*Task to complete*: From the data that follows, print exactly the lines starting at the one containing "Treatment concept alternative" and ending at the one containing "Osprey (fish hawk"; include both of them and nothing more.

*Dataset records*:
Content starts

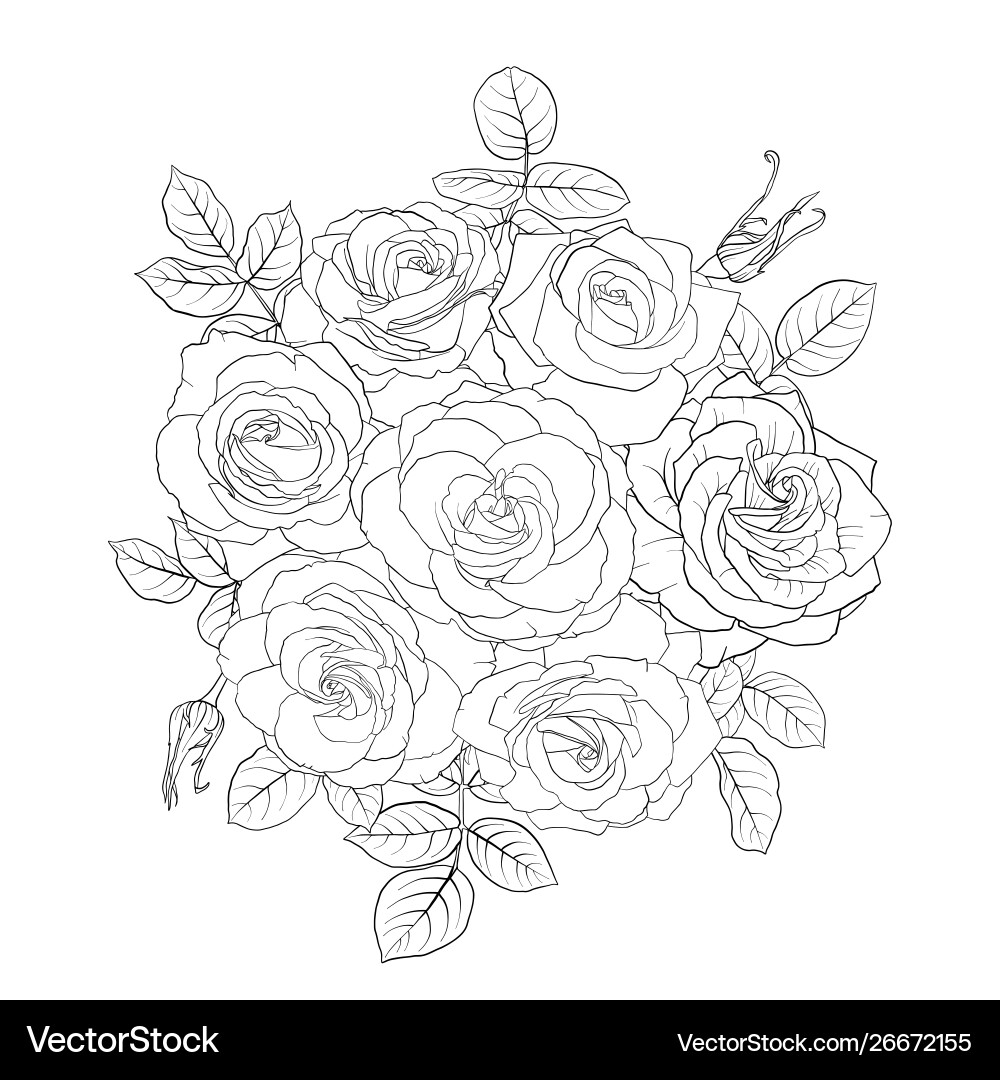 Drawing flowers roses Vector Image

Content ends
Content starts

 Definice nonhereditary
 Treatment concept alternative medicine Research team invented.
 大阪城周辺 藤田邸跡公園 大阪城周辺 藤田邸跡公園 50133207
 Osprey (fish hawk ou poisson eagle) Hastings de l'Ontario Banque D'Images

Content ends

*Written response*:
 Treatment concept alternative medicine Research team invented.
 大阪城周辺 藤田邸跡公園 大阪城周辺 藤田邸跡公園 50133207
 Osprey (fish hawk ou poisson eagle) Hastings de l'Ontario Banque D'Images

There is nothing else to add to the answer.